> _Exercise_: Write out, exactly and only, the lines that run from the top of the records to the line with "I'll hit sketch, or". Include both ends; exclude pictures.

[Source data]
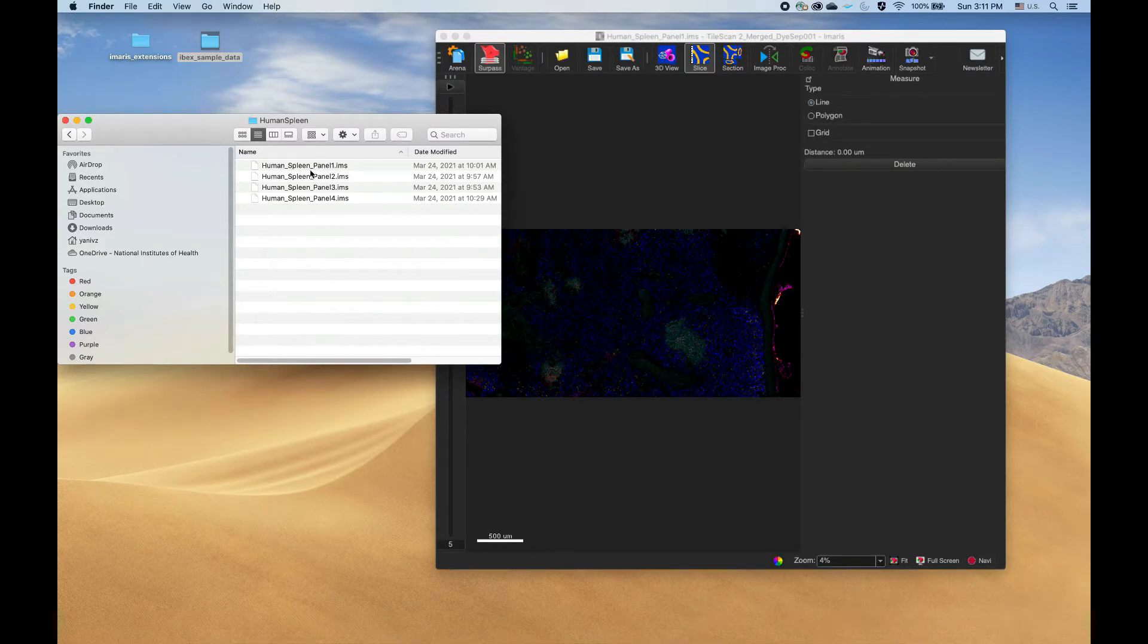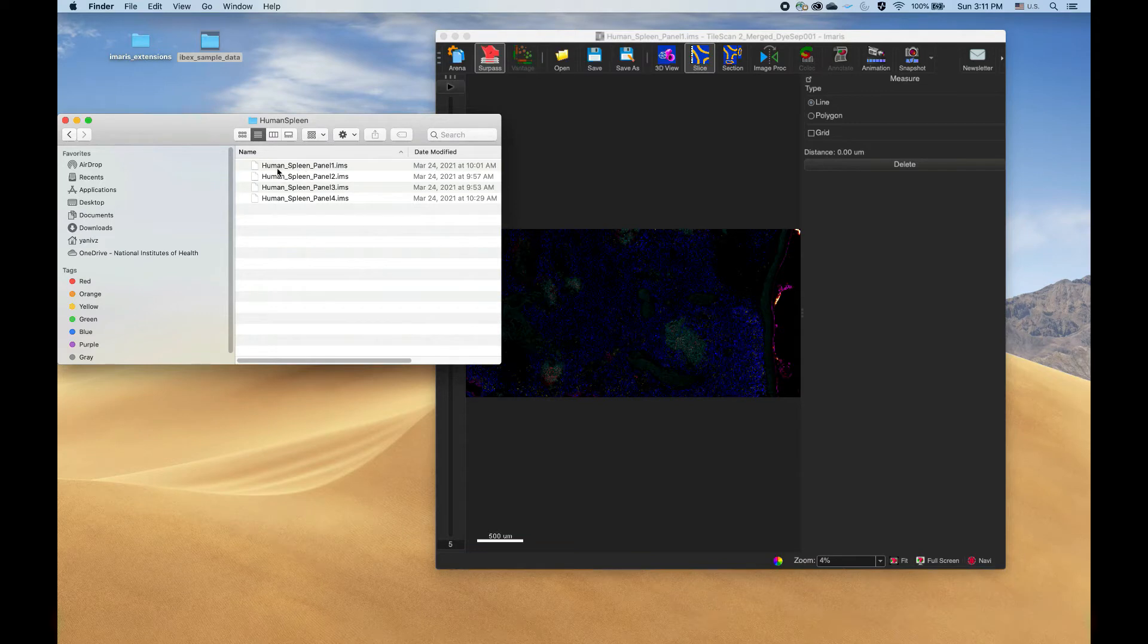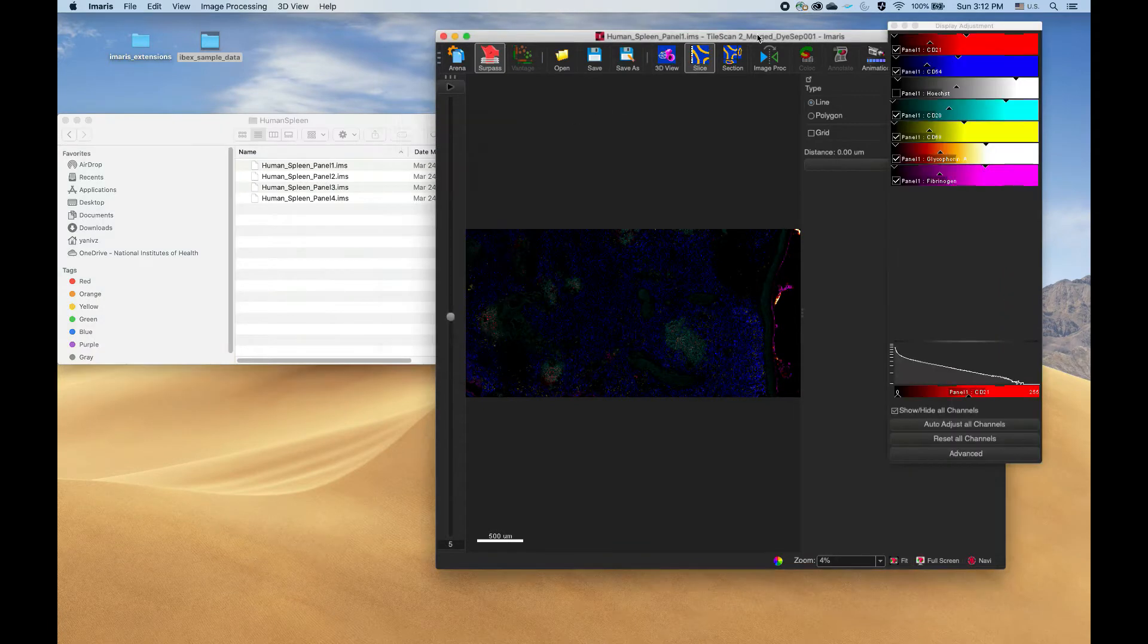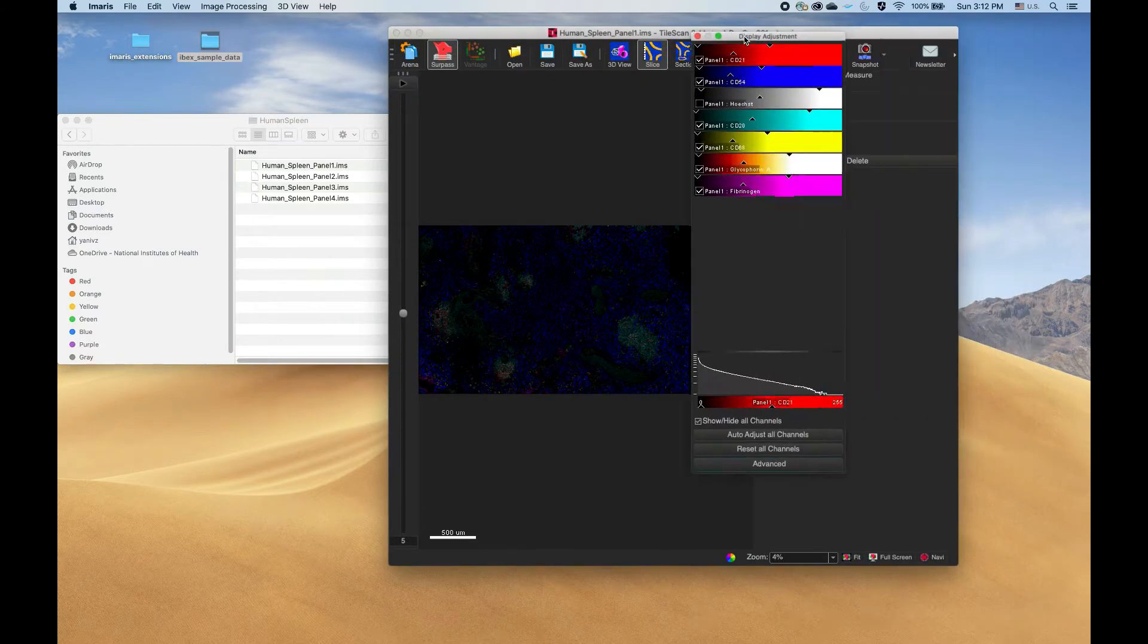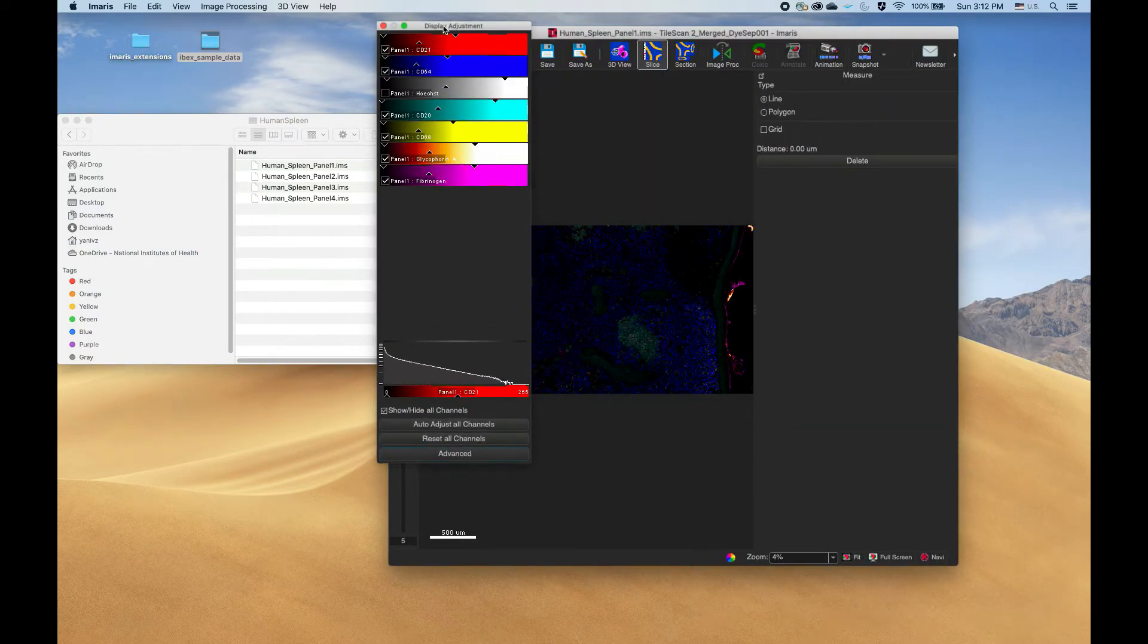As you can see, they're all named human spleen panel and panel number. That's not critical for working with the extension. It's just nice that the file names are relatively short because we use them later on in plotting some graphs, but no real requirements on the file names.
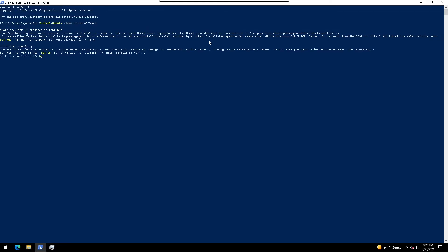Once it's installed, you can check your module for the version by entering get-installed-module. The get-installed-module commandlet retrieves PowerShell modules that are installed on your computer.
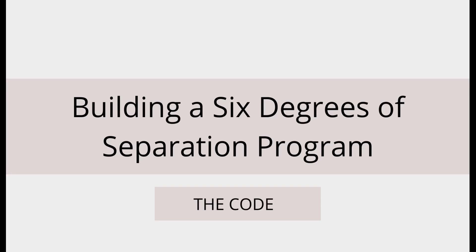Hi there, it's Rick from Makes Sense. After the previous video where I showed you how I made a six degrees separation program, I thought I'd make another one just to show you the software.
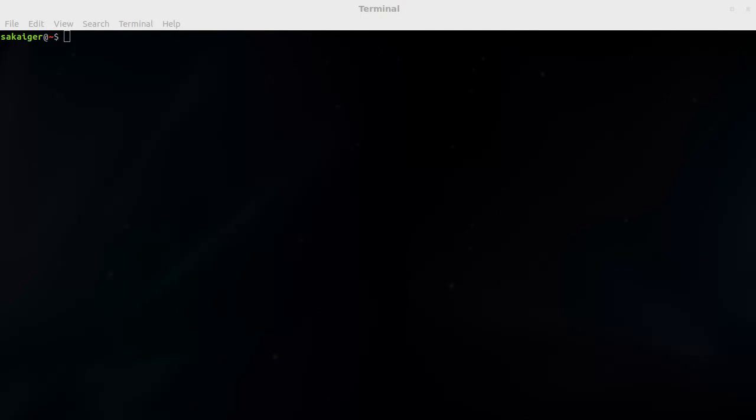Hey everybody, today I'm going to be showing you how to set up a development environment for Sakai OAE. So we're just going to jump right into it.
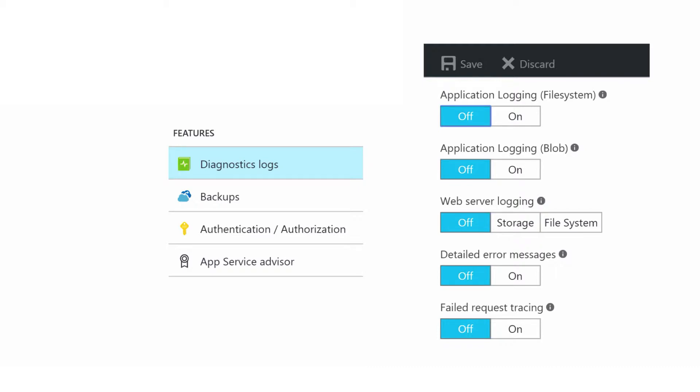You can turn on application logging, web server logging, detailed error messages, and failed request tracking and then click save.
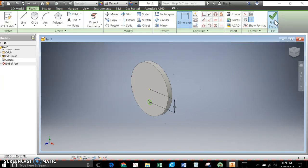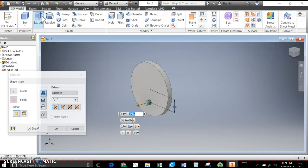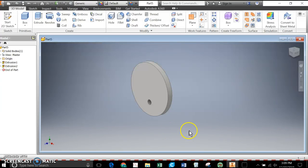I'll hit sketch, or finish sketch, extrude, and in this case I want to cut it. So there it is. So there is the cam.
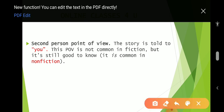Second person point of view, which is very rare in fiction — the story is told to 'you.' This point of view is not common in fiction but it is still good to know. It is more common in non-fiction writing.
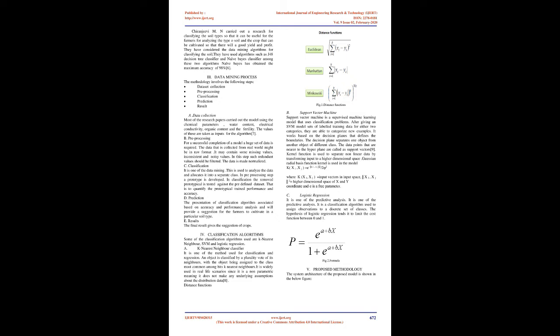Pre-processing: For a successful completion of a model, a huge set of data is required. The data that is collected from real world might be in raw format. It may contain some missing values, inconsistent and noisy values. In this step such redundant values should be filtered. The data is made normalized.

> _Response to this exercise_:
As you can see, they're all named human spleen panel and panel number. That's not critical for working with the extension. It's just nice that the file names are relatively short because we use them later on in plotting some graphs, but no real requirements on the file names.
Once it's installed, you can check your module for the version by entering get-installed-module. The get-installed-module commandlet retrieves PowerShell modules that are installed on your computer.
Hi there, it's Rick from Makes Sense. After the previous video where I showed you how I made a six degrees separation program, I thought I'd make another one just to show you the software.
Hey everybody, today I'm going to be showing you how to set up a development environment for Sakai OAE. So we're just going to jump right into it.
You can turn on application logging, web server logging, detailed error messages, and failed request tracking and then click save.
I'll hit sketch, or finish sketch, extrude, and in this case I want to cut it. So there it is. So there is the cam.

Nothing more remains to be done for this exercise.